**EXERCISE INPUT:**
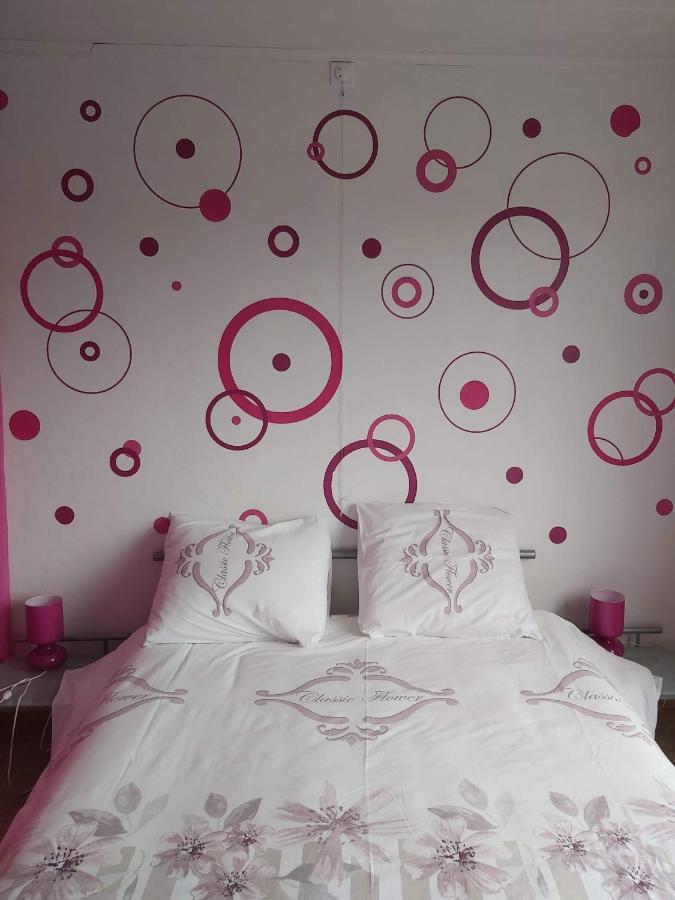 Ferienwohnung El Corazon Stavelot Exterior foto
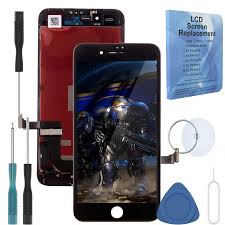 iPhone 7 Plus LCD Screen Replacement 5.5 inch Original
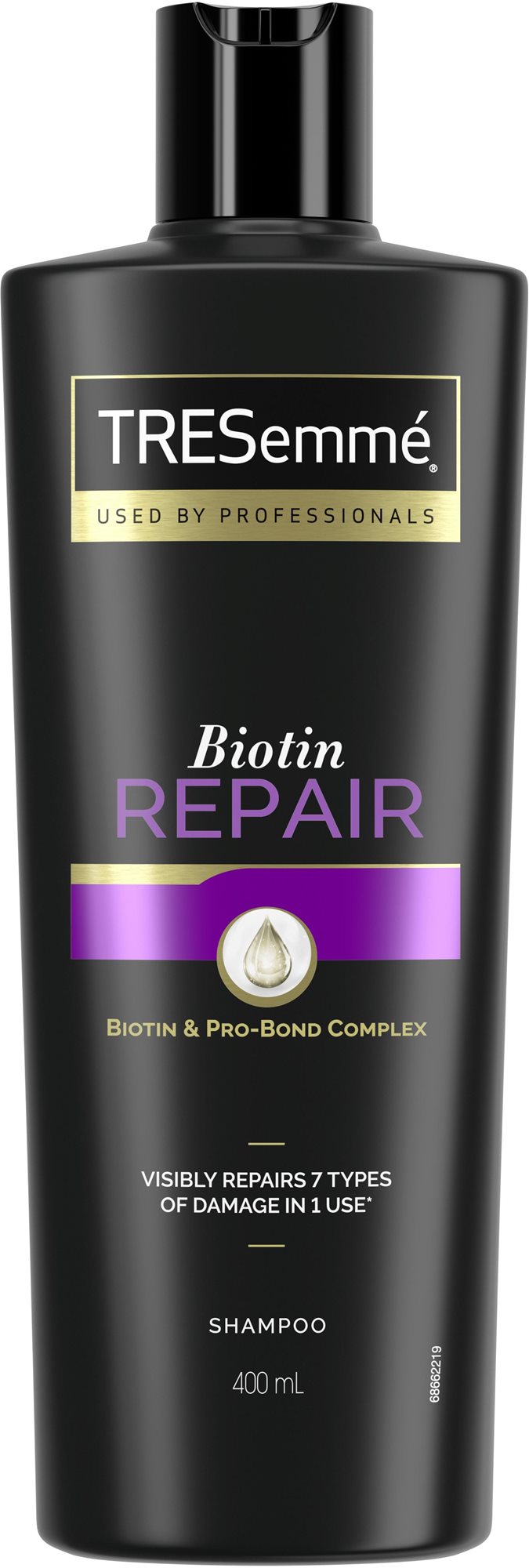 TRESemmé Biotin + Repair 7 Shampoo 400 ml Šampón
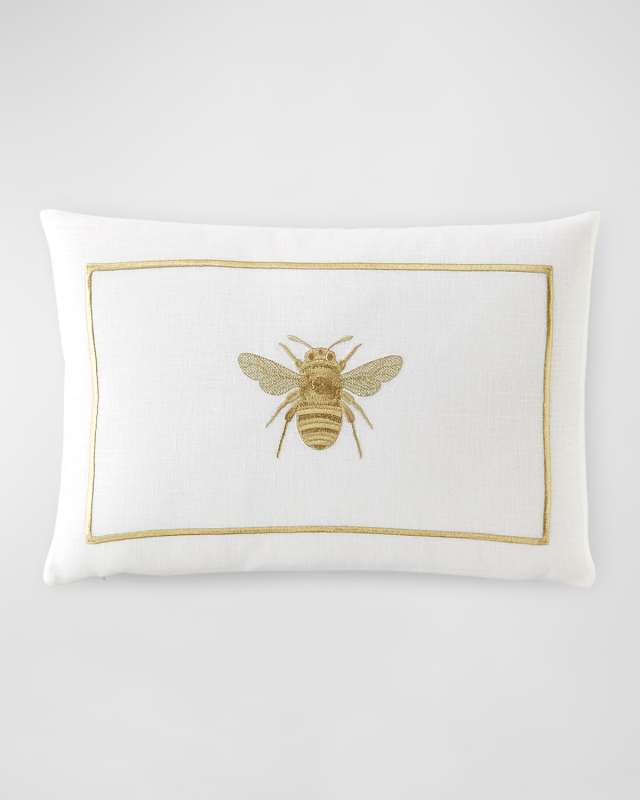 Ronzio Decorative Pillow, 12" x 18"
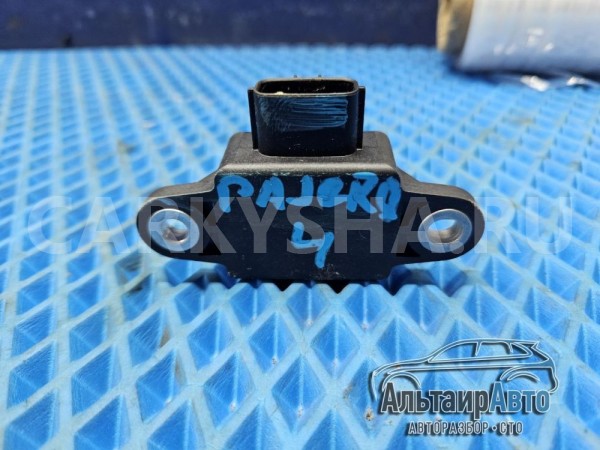 Mitsubishi датчик курсой устойчивости 8651A059 Mitsubishi i оригинальный номер 8651A059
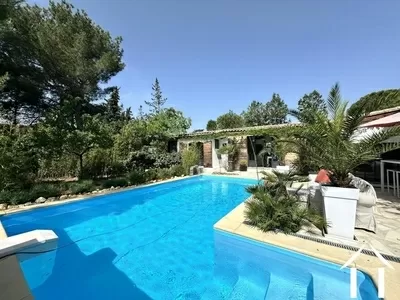 House for sale canet, languedoc-roussillon, EG08-0221 Image - 9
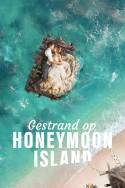 boxcover van Gestrand op Honeymoon Island NL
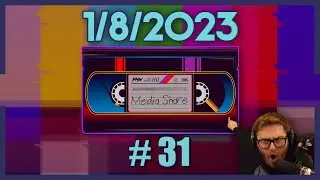 Media Share #31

**WORK ORDER:**
Exactly the lines from the one containing "TRESemmé Biotin +" to the final line of the entries are wanted; please write them out, both ends included, but not the pictures.

**ANSWER SPACE:**
 TRESemmé Biotin + Repair 7 Shampoo 400 ml Šampón
 Ronzio Decorative Pillow, 12" x 18"
 Mitsubishi датчик курсой устойчивости 8651A059 Mitsubishi i оригинальный номер 8651A059
 House for sale canet, languedoc-roussillon, EG08-0221 Image - 9
 boxcover van Gestrand op Honeymoon Island NL
 Media Share #31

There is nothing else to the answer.